[[ Data section open ]]

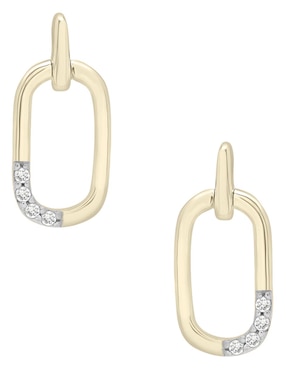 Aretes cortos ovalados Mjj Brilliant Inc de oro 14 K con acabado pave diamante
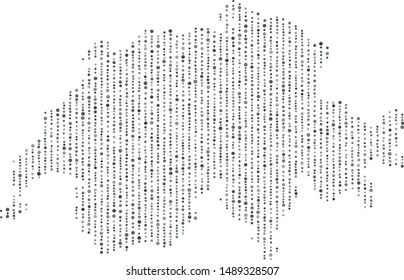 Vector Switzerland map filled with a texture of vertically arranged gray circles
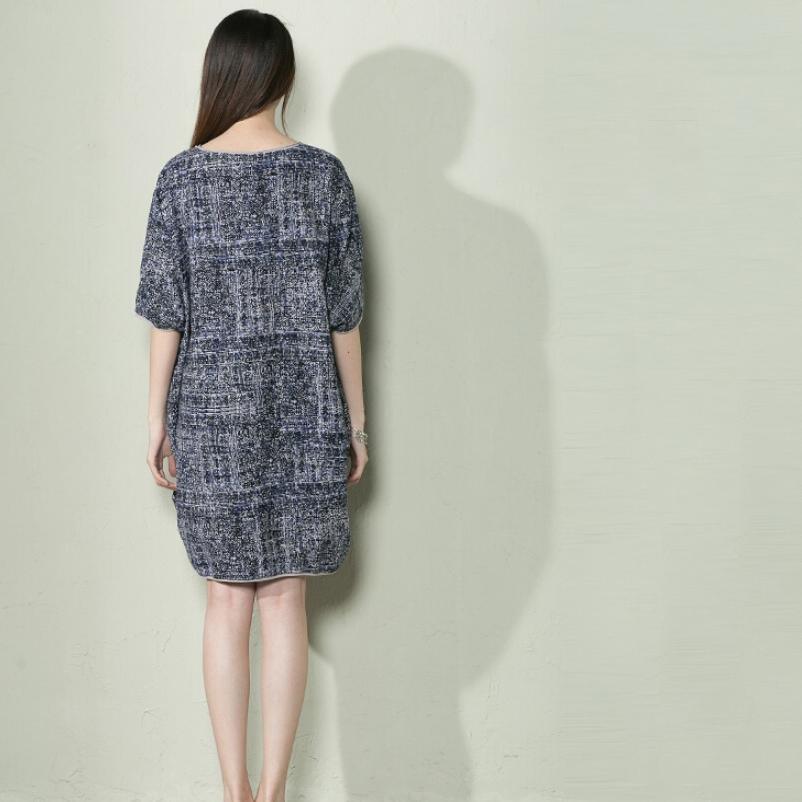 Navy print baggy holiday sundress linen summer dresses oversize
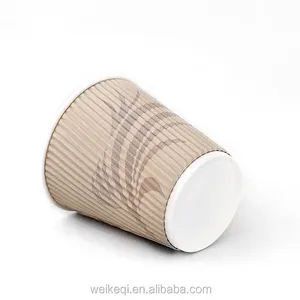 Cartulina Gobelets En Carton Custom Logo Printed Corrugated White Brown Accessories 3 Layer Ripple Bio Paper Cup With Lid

[[ Data section closed ]]

▶ _Exercise brief_
Repeat the listing above exactly, with no pictures.

▶ _Expected answer_
 Aretes cortos ovalados Mjj Brilliant Inc de oro 14 K con acabado pave diamante
 Vector Switzerland map filled with a texture of vertically arranged gray circles
 Navy print baggy holiday sundress linen summer dresses oversize
 Cartulina Gobelets En Carton Custom Logo Printed Corrugated White Brown Accessories 3 Layer Ripple Bio Paper Cup With Lid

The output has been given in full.